Iowa golfers talk curving the golf ball on demand.
By Rod Engblom
The game of golf isn’t as easy as it seems, and it doesn’t seem easy.
Along with learning how to swing the clubs, the golfer must learn how to control the golf ball, which is often called shaping a shot.
In golf, there are three terms used for the flight path of the golf ball: straight, fade, and draw.
The straight ball, as it sounds, is a shot hit dead straight, a fade is a shot that curves to the right for a right-handed golfer and left for a left-handed golfer.
A draw is the opposite, in which the ball curves to the left for a right-handed golfer and curves to the right for a left-handed golfer.
The terms slice and hook are also used but are used to describe a miss-hit of the ball, with a slice being a very large fade and a hook being a very large draw.
When shaping a shot, the golfer assesses his options depending on the hole and the factors that are at play on that in particular hole, such as the shape of the hole and wind speed.
“If there’s water up the right side, and I want to take that out of play, then I’ll hit a cut,” Hawkeye junior Raymond Knoll said. “You start it off left, and you know it’s just going cut towards the middle of the green as opposed to hitting a big draw and starting it over the water, because if you start it over the water and it doesn’t draw, then it’s going in the water, and no one wants that.”

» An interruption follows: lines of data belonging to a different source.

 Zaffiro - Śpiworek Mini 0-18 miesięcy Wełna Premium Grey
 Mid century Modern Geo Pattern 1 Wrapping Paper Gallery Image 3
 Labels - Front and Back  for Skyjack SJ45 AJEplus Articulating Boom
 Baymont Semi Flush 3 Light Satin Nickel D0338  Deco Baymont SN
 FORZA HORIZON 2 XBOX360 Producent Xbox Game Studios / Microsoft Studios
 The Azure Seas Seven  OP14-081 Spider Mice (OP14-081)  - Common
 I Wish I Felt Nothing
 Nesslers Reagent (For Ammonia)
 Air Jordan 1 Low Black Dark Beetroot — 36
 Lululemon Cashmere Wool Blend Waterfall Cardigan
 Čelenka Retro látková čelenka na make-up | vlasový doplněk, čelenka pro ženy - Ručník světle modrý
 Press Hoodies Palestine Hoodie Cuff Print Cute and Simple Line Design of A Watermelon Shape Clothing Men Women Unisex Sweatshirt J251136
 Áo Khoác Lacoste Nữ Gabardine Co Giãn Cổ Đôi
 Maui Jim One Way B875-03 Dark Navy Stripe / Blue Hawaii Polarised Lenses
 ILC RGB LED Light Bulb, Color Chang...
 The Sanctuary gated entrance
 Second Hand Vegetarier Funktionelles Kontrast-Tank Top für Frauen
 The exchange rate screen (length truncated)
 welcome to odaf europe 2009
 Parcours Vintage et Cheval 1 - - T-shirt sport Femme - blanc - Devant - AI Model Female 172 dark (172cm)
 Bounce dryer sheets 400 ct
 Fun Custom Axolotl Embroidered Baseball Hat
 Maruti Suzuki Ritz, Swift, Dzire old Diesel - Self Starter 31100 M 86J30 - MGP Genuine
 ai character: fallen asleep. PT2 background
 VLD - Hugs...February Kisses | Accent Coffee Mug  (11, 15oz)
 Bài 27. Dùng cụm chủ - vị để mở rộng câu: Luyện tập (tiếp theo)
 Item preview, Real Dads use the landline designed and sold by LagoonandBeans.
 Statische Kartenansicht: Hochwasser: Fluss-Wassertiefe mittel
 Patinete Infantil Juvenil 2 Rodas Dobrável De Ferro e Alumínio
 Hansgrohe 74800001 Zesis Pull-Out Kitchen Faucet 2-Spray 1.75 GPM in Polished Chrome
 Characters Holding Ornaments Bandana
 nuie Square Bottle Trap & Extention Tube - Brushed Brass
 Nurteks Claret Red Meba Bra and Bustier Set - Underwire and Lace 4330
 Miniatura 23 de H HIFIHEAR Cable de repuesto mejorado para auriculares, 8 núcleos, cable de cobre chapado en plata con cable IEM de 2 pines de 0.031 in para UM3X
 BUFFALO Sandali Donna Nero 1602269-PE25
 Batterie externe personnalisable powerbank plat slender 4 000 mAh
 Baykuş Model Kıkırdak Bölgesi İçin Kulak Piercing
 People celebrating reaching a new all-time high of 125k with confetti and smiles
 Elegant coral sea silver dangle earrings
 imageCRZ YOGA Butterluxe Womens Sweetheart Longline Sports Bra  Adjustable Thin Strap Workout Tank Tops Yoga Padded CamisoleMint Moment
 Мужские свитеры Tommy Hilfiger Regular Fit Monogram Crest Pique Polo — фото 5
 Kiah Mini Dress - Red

Typically, players only shape shots when they have to, and they normally try to hit the ball on relatively straight.
But every player has a unique ball flight, which usually forms naturally. Some players play a draw, others play a fade.
“I’m a natural cutter of the golf ball,” said Hawk senior Nate Yanchovich. “I have to work harder if I want to work the ball right to left. If I just take a normal swing with the swing work that I’ve done over the past few years and even when I was younger, the ball just tends to go left to right.”
Although Yanchovich naturally plays a cut shot, which is another term for a fade, he is still able to play a draw the ball when he has to.
Iowa junior Carson Schaake has worked on his game so that he could do something similar to Yanchovich but with a cut instead of his natural draw.
“I hit cut drivers, it’s one of my go-to shots that I feel comfortable with,” he said. “It’s a shot that you can trust and know.”
In the end, the game is about consistency, and that is what led Schaake to tie for first in last year’s Big Ten Championship.
“Hole 18, probably most difficult hole we will play ever in college golf,” Schaake said. “A lot of guys don’t hit driver, and [Illinois golfer] Nick Hardy, who I was tied with going into that hit an iron off the tee, and I just hit a cut driver just because I knew where the ball was going.”